PyTorch C++ Deployment
Introduction
PyTorch is one of the most popular deep learning frameworks used for building and training neural networks. While Python is excellent for model development and experimentation, there are many scenarios where deploying models in a production environment requires faster execution, lower memory footprint, or integration with existing C++ applications.
This is where PyTorch's C++ API, known as LibTorch, comes in. LibTorch allows you to:
- Deploy models in C++ environments without Python dependencies
- Integrate deep learning capabilities into existing C++ applications
- Achieve potentially better performance for inference tasks
- Create standalone applications that can run on devices without Python
In this guide, we'll walk through the entire process of taking a PyTorch model developed in Python and deploying it using C++.
Prerequisites
Before diving into PyTorch C++ deployment, you should have:
- Basic knowledge of PyTorch in Python
- Familiarity with C++ programming
- A pre-trained PyTorch model you want to deploy
- C++ development environment (compiler, build system)

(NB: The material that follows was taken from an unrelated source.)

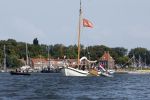 Amsterdam 20 augustus 2025
Koning Willem Alexander Prinses Mabel en (prinses Luana ) Gravin Luana op de groene Draeck tijdens de eerste dag van Sail Amsterdam . Er vaart ongelofelijk veel beveiliging Politie in boten op jet skis en een speciaal beveiligingsteam van de Marechaussee BSB ( Brigade Speciale Beveiligingsopdrachten ) mee met de groene Draeck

Setting Up the LibTorch Environment
Step 1: Download LibTorch
First, you need to download the LibTorch library, which is the C++ distribution of PyTorch:
- Visit the PyTorch website
- Select your preferences (stable/nightly, your OS, C++/LibTorch, your CUDA version)
- Download the recommended binary
# Example for downloading LibTorch on Linux with CUDA 11.7
wget https://download.pytorch.org/libtorch/cu117/libtorch-cxx11-abi-shared-with-deps-2.0.0%2Bcu117.zip
unzip libtorch-cxx11-abi-shared-with-deps-2.0.0+cu117.zip
Step 2: Configure Your Build System
For a simple CMake configuration:
cmake_minimum_required(VERSION 3.0 FATAL_ERROR)
project(torch_cpp_example)
find_package(Torch REQUIRED)
set(CMAKE_CXX_FLAGS "${CMAKE_CXX_FLAGS} ${TORCH_CXX_FLAGS}")
add_executable(example example.cpp)
target_link_libraries(example "${TORCH_LIBRARIES}")
set_property(TARGET example PROPERTY CXX_STANDARD 14)
Exporting PyTorch Models for C++
Before deploying a model in C++, you need to export it from Python. PyTorch provides a few ways to do this:
Using TorchScript
TorchScript is a way to create serializable and optimizable models from PyTorch code. There are two ways to convert a model to TorchScript:
- Tracing: Runs example inputs through the model and captures the operations
- Scripting: Directly analyzes your model code and converts it
Example: Tracing a Model
import torch
import torchvision
# Load a pretrained model
model = torchvision.models.resnet18(pretrained=True)
model.eval()
# Create an example input
example_input = torch.rand(1, 3, 224, 224)
# Trace the model
traced_script_module = torch.jit.trace(model, example_input)
# Save the model for C++ usage
traced_script_module.save("resnet18_traced.pt")
Example: Scripting a Model
import torch
class SimpleModel(torch.nn.Module):
def __init__(self):
super(SimpleModel, self).__init__()
self.fc = torch.nn.Linear(100, 10)
def forward(self, x):
x = self.fc(x)
return torch.nn.functional.softmax(x, dim=1)
# Initialize the model
model = SimpleModel()
model.eval()
# Script the model
scripted_model = torch.jit.script(model)
# Save the model for C++ usage
scripted_model.save("simple_model_scripted.pt")
Loading and Running Models in C++
Now that you have exported your model, let's see how to load and use it in C++.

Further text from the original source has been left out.